### DATA PROVIDED
=== Begin Enclosure ===

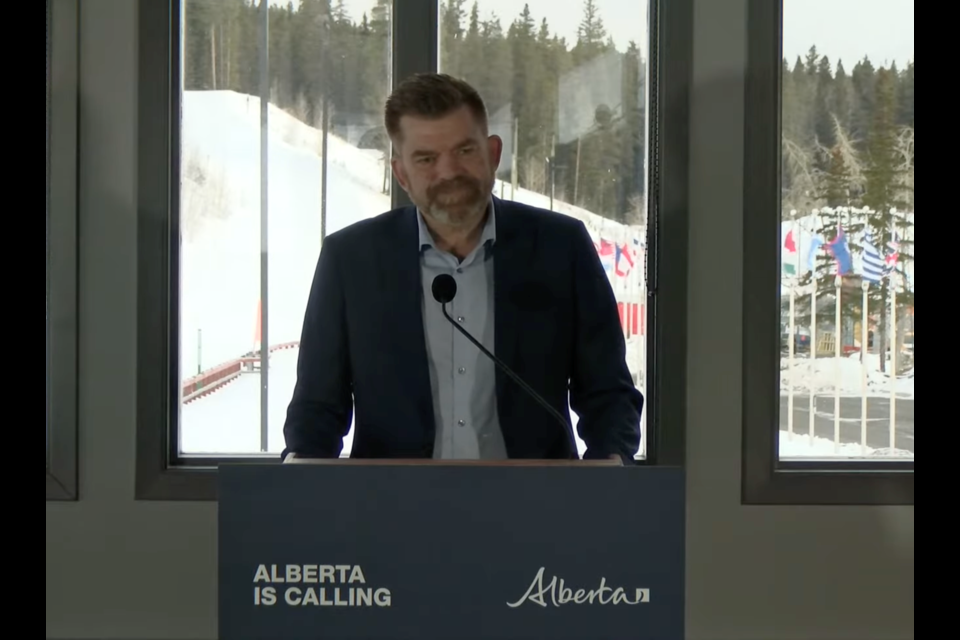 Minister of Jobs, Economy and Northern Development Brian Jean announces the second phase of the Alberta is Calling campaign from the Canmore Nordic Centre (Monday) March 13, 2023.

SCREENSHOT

=== End Enclosure ===
=== Begin Enclosure ===

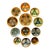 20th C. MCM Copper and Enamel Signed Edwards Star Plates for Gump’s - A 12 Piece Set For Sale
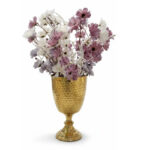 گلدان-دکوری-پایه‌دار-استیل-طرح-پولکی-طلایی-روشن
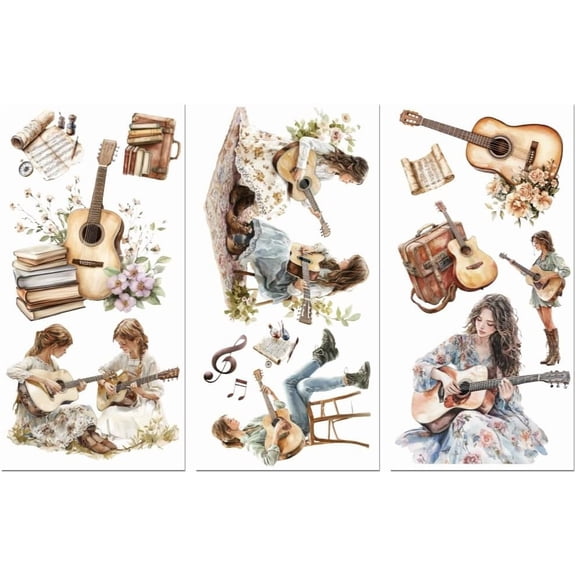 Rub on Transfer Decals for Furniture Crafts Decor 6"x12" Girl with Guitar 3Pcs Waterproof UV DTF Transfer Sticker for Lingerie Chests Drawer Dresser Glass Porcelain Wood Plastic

=== End Enclosure ===
=== Begin Enclosure ===

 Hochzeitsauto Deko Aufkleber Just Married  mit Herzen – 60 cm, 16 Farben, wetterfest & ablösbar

=== End Enclosure ===

### DIRECTIONS
From the records above, copy only the lines running from the line holding "گلدان-دکوری-پا" through the line holding "Rub on Transfer", with no pictures.

### REPLY TO THE EXERCISE
 گلدان-دکوری-پایه‌دار-استیل-طرح-پولکی-طلایی-روشن
 Rub on Transfer Decals for Furniture Crafts Decor 6"x12" Girl with Guitar 3Pcs Waterproof UV DTF Transfer Sticker for Lingerie Chests Drawer Dresser Glass Porcelain Wood Plastic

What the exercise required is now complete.